Questions arise about the group’s proper role and its relationship to the U.S. and China.

Written by Jack Elbaum

What’s happening: BRICS, a group partnership between the developing economies of Brazil, Russia, India, China, and South Africa, has expanded for the first time in over a decade, adding six new countries.

Why it matters: As competition between the U.S. and China rises, BRICS meetings could play a huge role in determining the future world balance of power.

Divergent visions: China would like to make BRICS a rival to the G7 group of advanced economies as part of its desireto create an alternative to the U.S.-led world order. But some BRICS countries, such as India and Brazil, are U.S. allies and do not share that vision.
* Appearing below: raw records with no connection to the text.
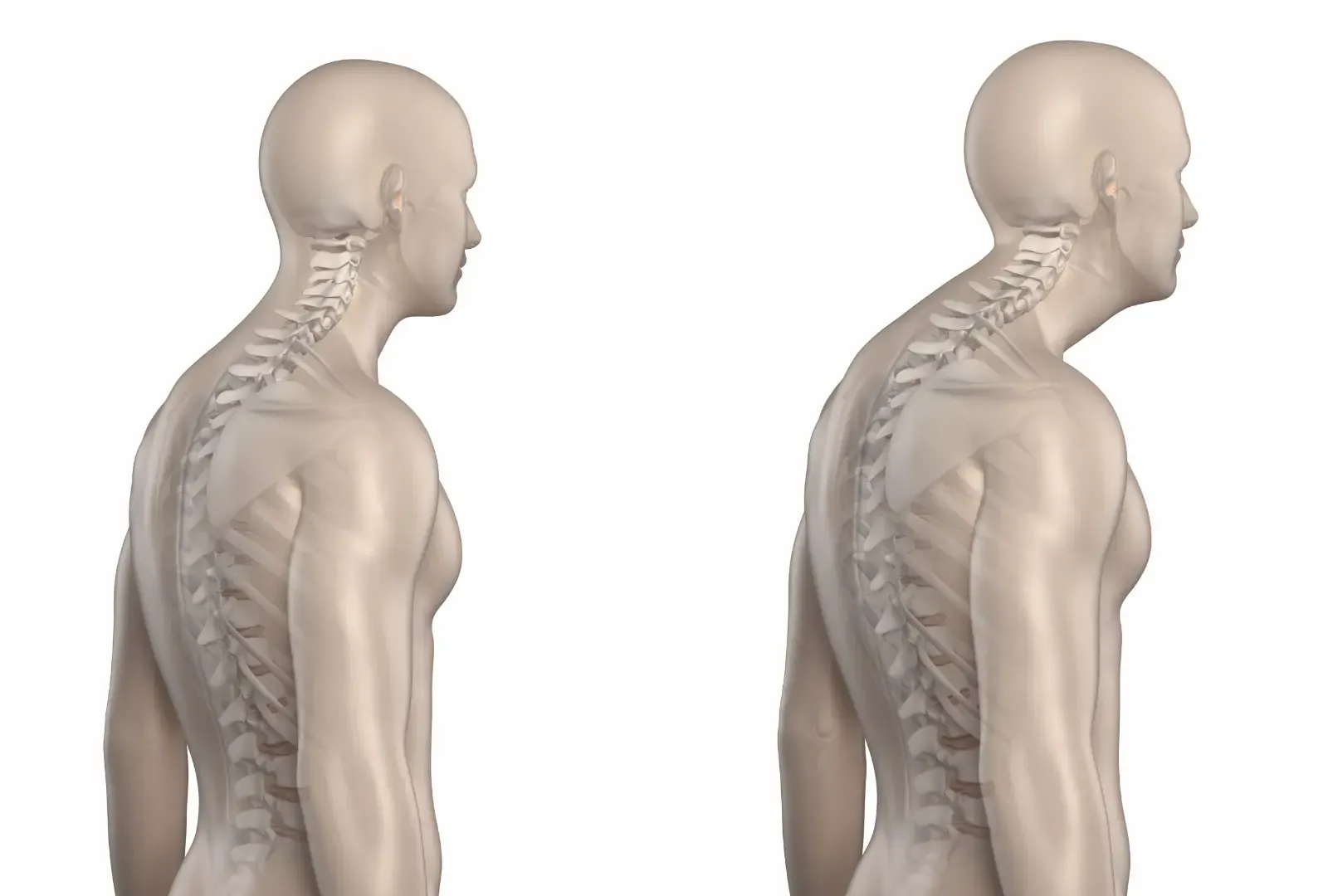 Kyphosis: Causes, Symptoms & Relief | Precision Pain & Spine Institute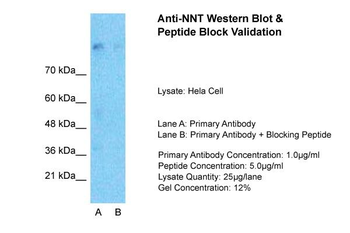 NNT Rabbit Polyclonal Antibody
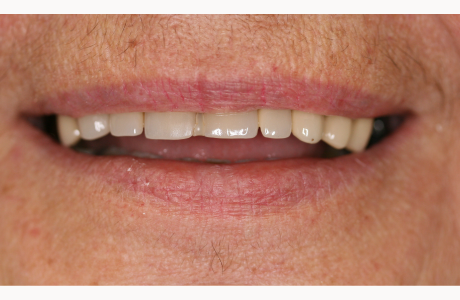 Before: Patient presents with a fractured bridge and failing top teeth.  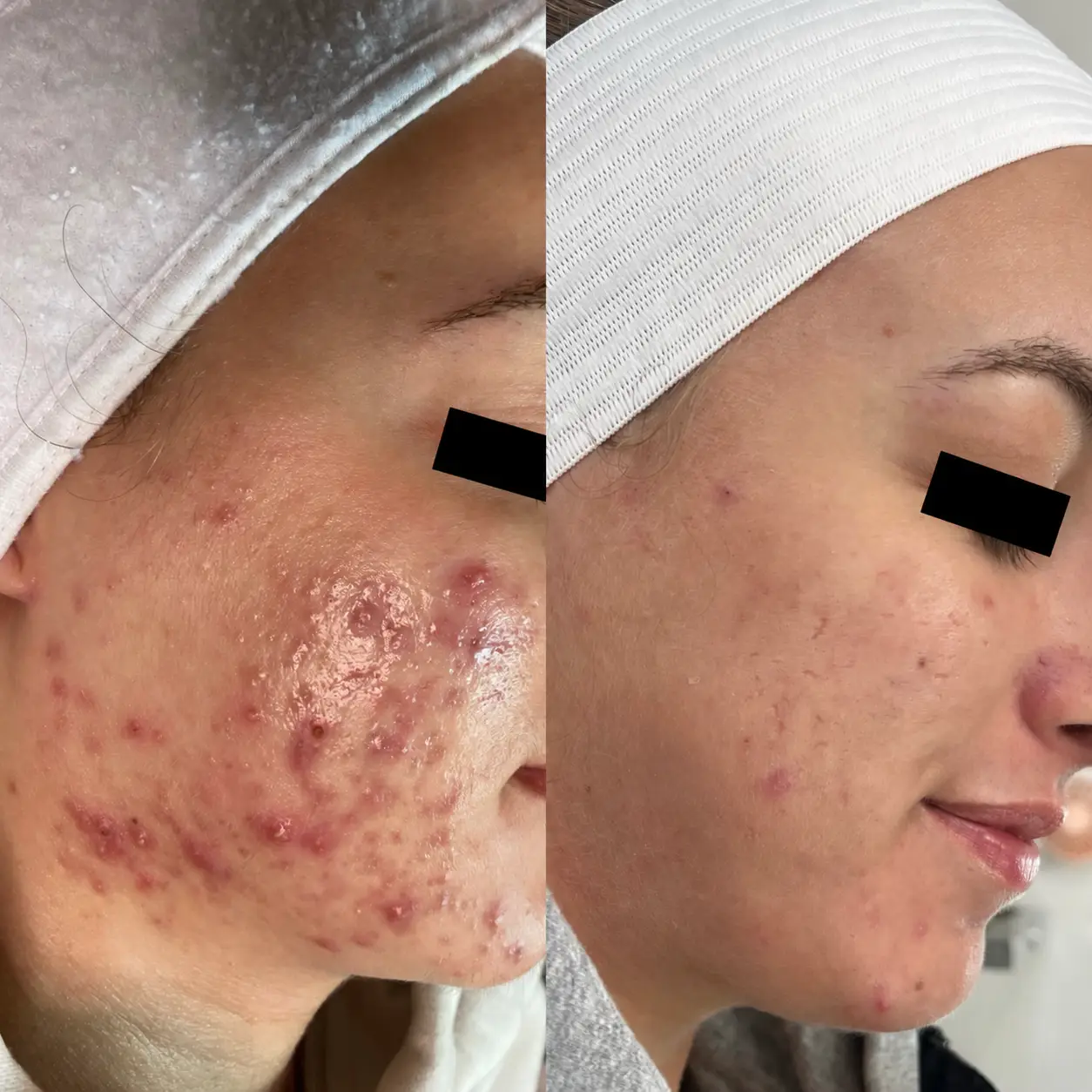 Before and after cheek photos showing fewer visible breakouts and a smoother-looking skin surface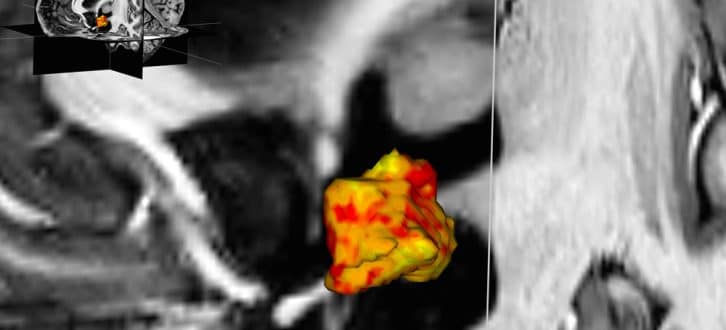 Blick von der linken Schläfe aus auf den linken Hypothalamus im Zentrum des Gehirns: Bei Personen mit Depressionen und bipolarer Störung sind vermutliche einige Regionen des Hypothalamus vergrößert (rot), einige sind jedoch auch verkleinert (gelb). Foto: Acta Psychiatrica Scandinavica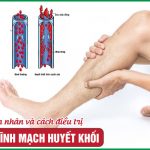 Viêm tĩnh mạch huyết khối: Nguyên nhân và tránh biến chứng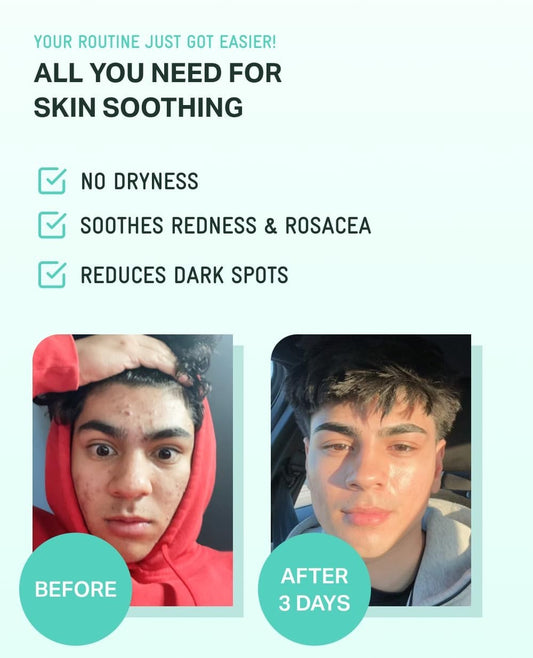 Bring Green Zinc Teca Blemish Serum 25 ml + Squid Game Gonggi! 2 Pack- Rare!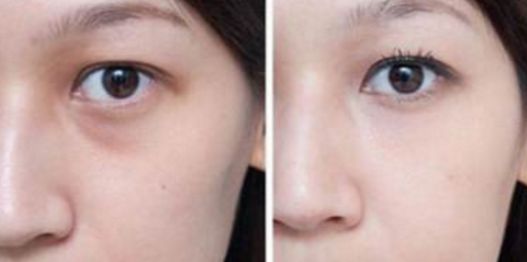 武漢看胎記醫(yī)院哪家好？綜合醫(yī)療機構(gòu)排行榜詳細解讀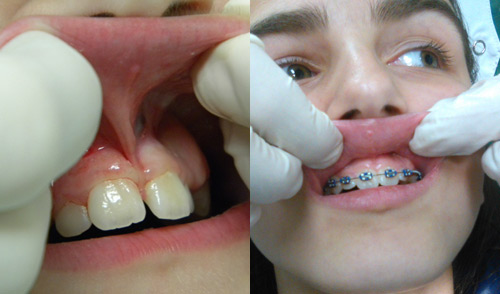 Oral surgery, frenuloplasty)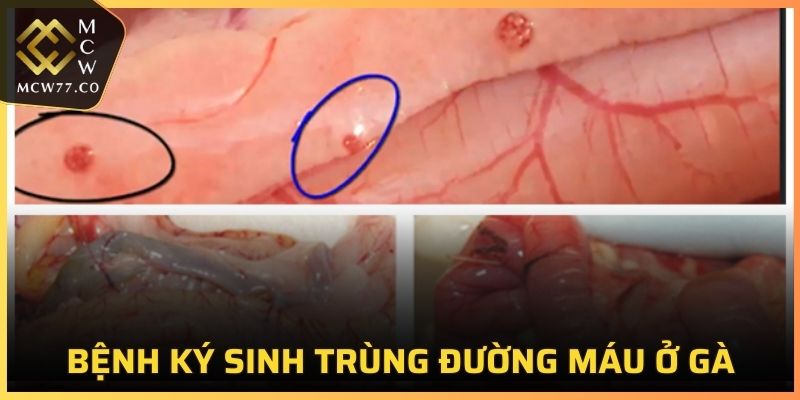 Bệnh Ký Sinh Trùng Đường Máu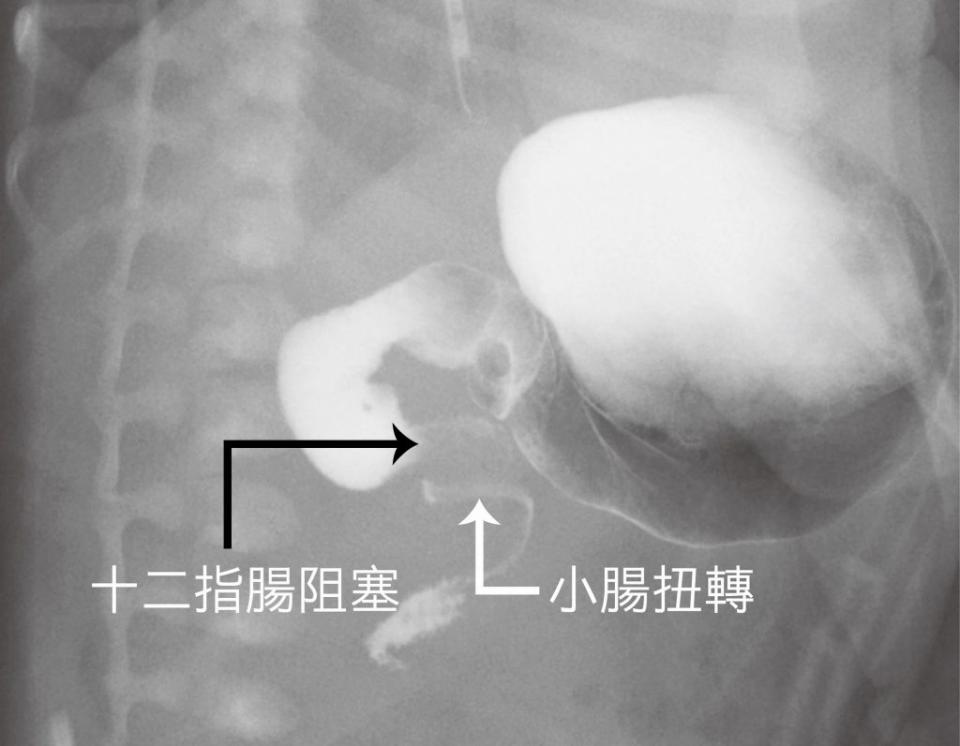 2名出生未滿3天的男嬰，媽媽親自哺乳，卻吐奶吐到出現膽汁，原來先天性腸旋轉不良症，經過緊急手術，恢復腸道暢通。（記者陳金龍攝）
  • Expansion: One way this divide shines through is on the subject of future expansion. China is eager to expand the group, but India is concerned it is just a way for President Xi Jinping to bring China-friendly nations into the group.

  • What about the new additions? Argentina, Egypt, Ethiopia, Iran, Saudi Arabia and the United Arab Emirates will become members in 2024. It remains unclear whether this move is a way of displacing U.S. influence over the oil market—a first step to achieving larger anti-Western ambitions—or of addressing countries often overlooked by the U.S.-led order.

De-dollarization? The idea of creating a BRICS currency for trade as an alternative to the U.S. dollar was discussed at length at the BRICS meeting last week. Not all countries could agree on it; it would require the creation of a central bank, among other massive undertakings. The economist who coined the term BRICS called the proposal “ridiculous.”